Your goal: Although the data below holds other lines too, output only those from the line with "Alba Maiden's Blush rose 2" up to and including the line with "Visual Confirmation Security Code", exactly as they appear.

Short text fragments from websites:
___
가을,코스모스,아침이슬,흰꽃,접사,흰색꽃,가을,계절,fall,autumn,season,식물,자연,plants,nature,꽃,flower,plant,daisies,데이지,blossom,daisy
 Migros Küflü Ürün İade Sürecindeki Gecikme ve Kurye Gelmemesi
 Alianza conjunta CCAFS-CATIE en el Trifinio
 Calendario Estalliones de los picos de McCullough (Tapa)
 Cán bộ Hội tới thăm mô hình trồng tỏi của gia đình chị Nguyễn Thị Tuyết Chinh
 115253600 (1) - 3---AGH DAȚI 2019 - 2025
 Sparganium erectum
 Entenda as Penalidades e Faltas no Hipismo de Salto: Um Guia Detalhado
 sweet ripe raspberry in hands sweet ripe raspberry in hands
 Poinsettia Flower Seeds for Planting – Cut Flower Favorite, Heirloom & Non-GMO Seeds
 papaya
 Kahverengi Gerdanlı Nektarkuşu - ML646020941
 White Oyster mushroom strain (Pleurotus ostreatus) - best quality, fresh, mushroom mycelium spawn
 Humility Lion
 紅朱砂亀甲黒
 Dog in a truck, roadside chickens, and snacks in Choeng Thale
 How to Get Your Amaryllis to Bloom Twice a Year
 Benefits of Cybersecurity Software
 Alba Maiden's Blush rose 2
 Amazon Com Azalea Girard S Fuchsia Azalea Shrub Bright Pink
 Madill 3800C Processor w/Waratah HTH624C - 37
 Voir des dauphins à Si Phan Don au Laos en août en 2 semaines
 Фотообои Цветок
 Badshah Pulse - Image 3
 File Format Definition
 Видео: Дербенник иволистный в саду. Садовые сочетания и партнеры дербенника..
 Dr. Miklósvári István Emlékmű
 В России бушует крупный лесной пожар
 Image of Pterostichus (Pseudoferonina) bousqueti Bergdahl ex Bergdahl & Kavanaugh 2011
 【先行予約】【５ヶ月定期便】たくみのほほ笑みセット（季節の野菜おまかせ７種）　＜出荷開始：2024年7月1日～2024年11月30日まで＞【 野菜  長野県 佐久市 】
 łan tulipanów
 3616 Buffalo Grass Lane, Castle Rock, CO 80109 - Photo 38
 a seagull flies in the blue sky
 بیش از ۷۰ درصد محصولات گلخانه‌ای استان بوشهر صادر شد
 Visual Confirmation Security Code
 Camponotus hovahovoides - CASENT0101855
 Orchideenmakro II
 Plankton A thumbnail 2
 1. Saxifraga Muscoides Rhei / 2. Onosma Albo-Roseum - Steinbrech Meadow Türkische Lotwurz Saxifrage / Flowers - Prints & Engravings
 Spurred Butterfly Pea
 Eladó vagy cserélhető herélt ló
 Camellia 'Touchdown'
___
Output of the exercise:
 Alba Maiden's Blush rose 2
 Amazon Com Azalea Girard S Fuchsia Azalea Shrub Bright Pink
 Madill 3800C Processor w/Waratah HTH624C - 37
 Voir des dauphins à Si Phan Don au Laos en août en 2 semaines
 Фотообои Цветок
 Badshah Pulse - Image 3
 File Format Definition
 Видео: Дербенник иволистный в саду. Садовые сочетания и партнеры дербенника..
 Dr. Miklósvári István Emlékmű
 В России бушует крупный лесной пожар
 Image of Pterostichus (Pseudoferonina) bousqueti Bergdahl ex Bergdahl & Kavanaugh 2011
 【先行予約】【５ヶ月定期便】たくみのほほ笑みセット（季節の野菜おまかせ７種）　＜出荷開始：2024年7月1日～2024年11月30日まで＞【 野菜  長野県 佐久市 】
 łan tulipanów
 3616 Buffalo Grass Lane, Castle Rock, CO 80109 - Photo 38
 a seagull flies in the blue sky
 بیش از ۷۰ درصد محصولات گلخانه‌ای استان بوشهر صادر شد
 Visual Confirmation Security Code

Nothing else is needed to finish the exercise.